▶ **Your goal**:
The answer is the data below, repeated exactly, with no pictures included.

─── Exercise material

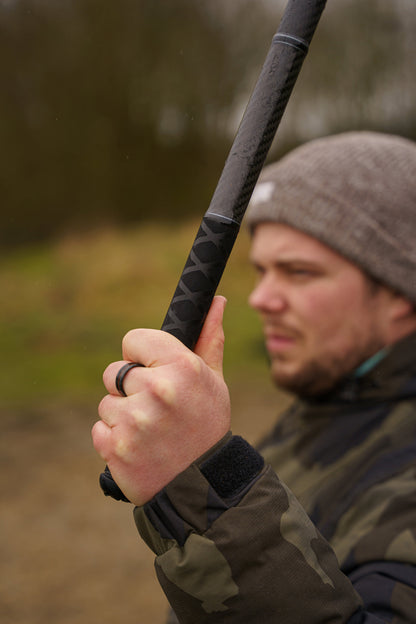 Extremity Throwing Sticks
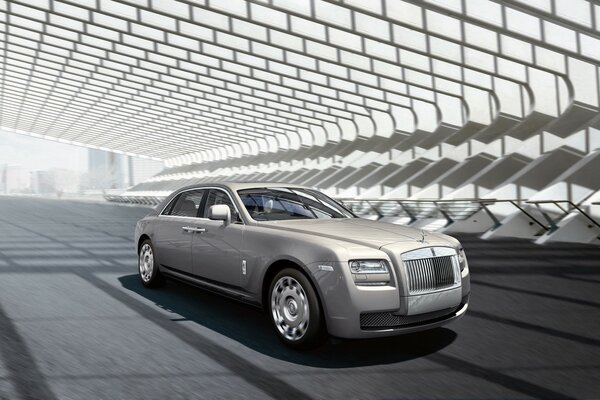 Silver Rolls Royce en el asfalto bajo el dosel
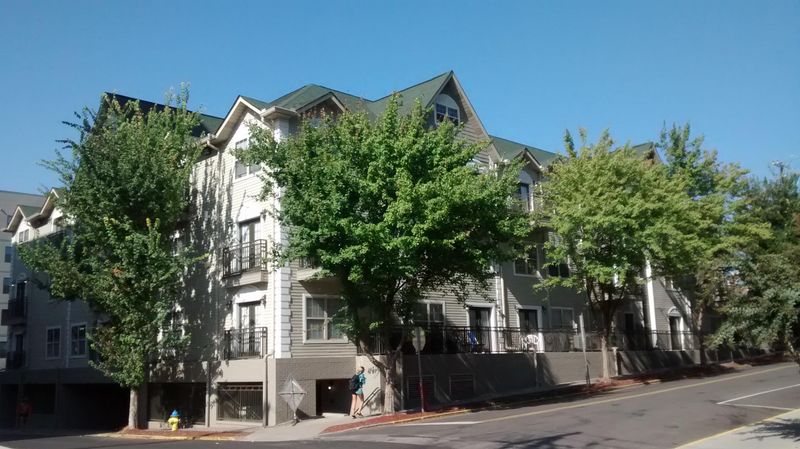 1801 Lake Ave #Apt 101, Knoxville, TN 37916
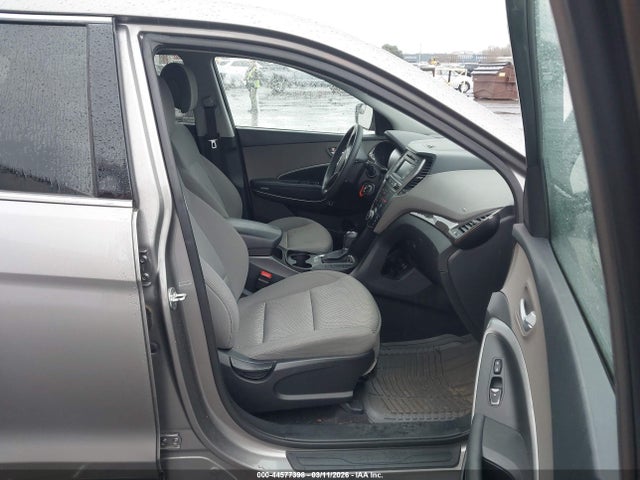 5NMZT3LB9JH070112 Hyundai Santa Fe Sport 2.4l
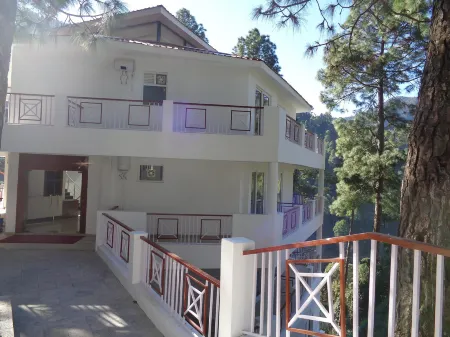 Himalayan Splendour Resort
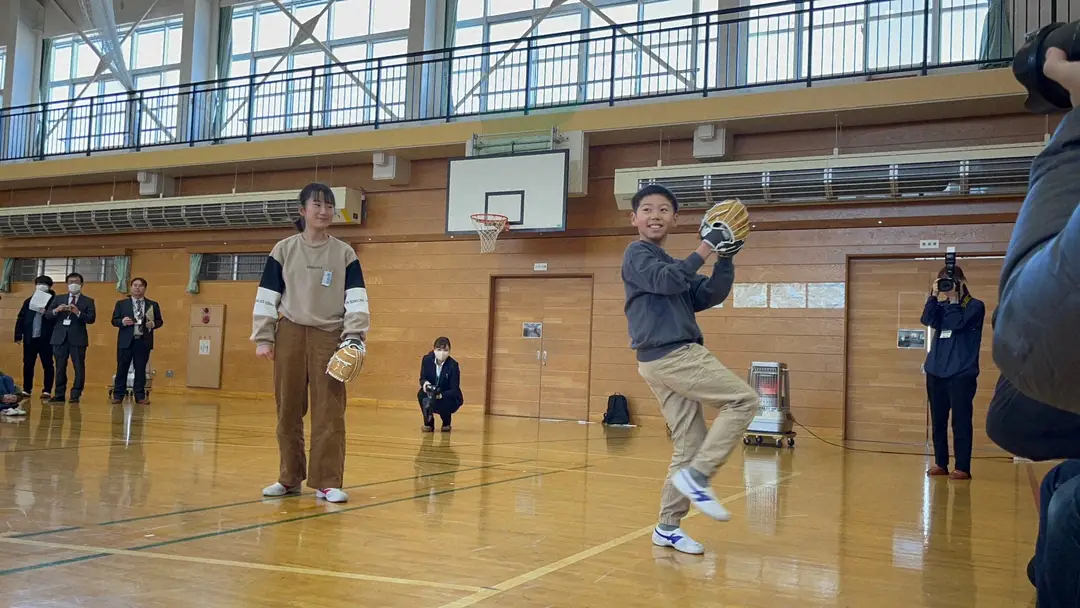 【画像・写真】大谷翔平が寄贈のグラブ　母校・奥州市立姉体小学校でお披露目「ありがとう！頑張れ！」先輩に感謝とエール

──────

▶ **Solution to the problem**:
 Extremity Throwing Sticks
 Silver Rolls Royce en el asfalto bajo el dosel
 1801 Lake Ave #Apt 101, Knoxville, TN 37916
 5NMZT3LB9JH070112 Hyundai Santa Fe Sport 2.4l
 Himalayan Splendour Resort
 【画像・写真】大谷翔平が寄贈のグラブ　母校・奥州市立姉体小学校でお披露目「ありがとう！頑張れ！」先輩に感謝とエール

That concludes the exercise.